4人で初めて放課後に出掛けた日から1週間が経った。

4人とも下の名前で呼び合うことに慣れて、何故か朝から放課後まで4人で行動していることが多い。

でも、関係性は最初から変わらず


「なんで優とバカ夏芽がクラスにいんだよ。」

「ちょっと!今バカって言った?!誰に向かってバカって言ったの?アホ亜羅汰!」

「夏芽だよ!なーつーめ!」

「むかつくーー!!ねぇ!優くん!亜羅汰ムカつくよ!!」

「まぁまぁ、2人とも朝から騒がないの。」

『…優、保護者みたい。』

「蛍、それはちょっと勘弁して。
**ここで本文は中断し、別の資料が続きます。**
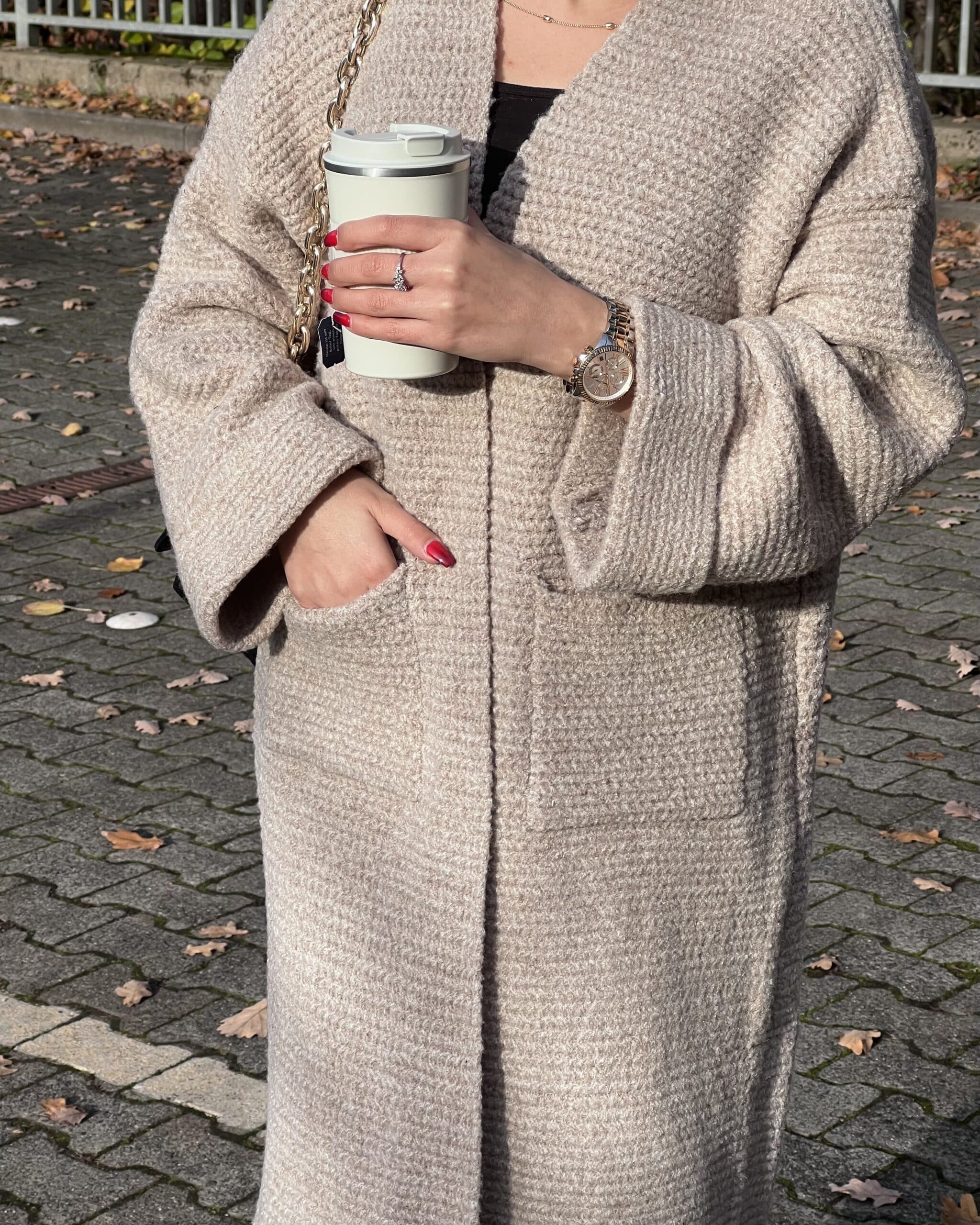 Taupe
」

「「どういう意味?!」だよ!」


2人でハモって、また睨み合う夏芽と亜羅汰。

それを楽しそうに見つめる優。

そんな4人の関係性に居心地さえ良いと感じ始めた頃だった。


ガサッ

私が机に教科書を入れようとすると、奥に何かが詰まって入らない。

手を入れて探ってみると、そこには一枚の紙が入っていた。

私以外の3人は話をしてて気づいていない。

グシャグシャになってしまった紙。

真っ白な紙で、何気なく裏返してみて自分でも驚くほどの速さで握り潰した。


「…どうした?」


私の変化にいち早く気づいたのは亜羅汰だった。

私が首を横に振ると、訝しげにこっちを見たが何も言わずに夏芽と優との会話に戻っていった。

私は紙に書いてあったことを頭の中で反芻していた。


〝ずっと見てるから。〟


誰からかなんて検討もつかない。

私のことを恨んでいる人なんて沢山いる。

ストーカーの可能性もなくはない。

でも、

(皆に迷惑かける訳にはいかない。)

やっと手に入れた、居心地がいい場所。

それが崩れていく恐ろしさを知っているからこそ、もう居場所を作ることをやめたはずだったのに。

自分では気づかないうちに、ずっとずっと大事になってしまった。

この関係を壊したくないと手の中の紙を強く強く握り締めていた。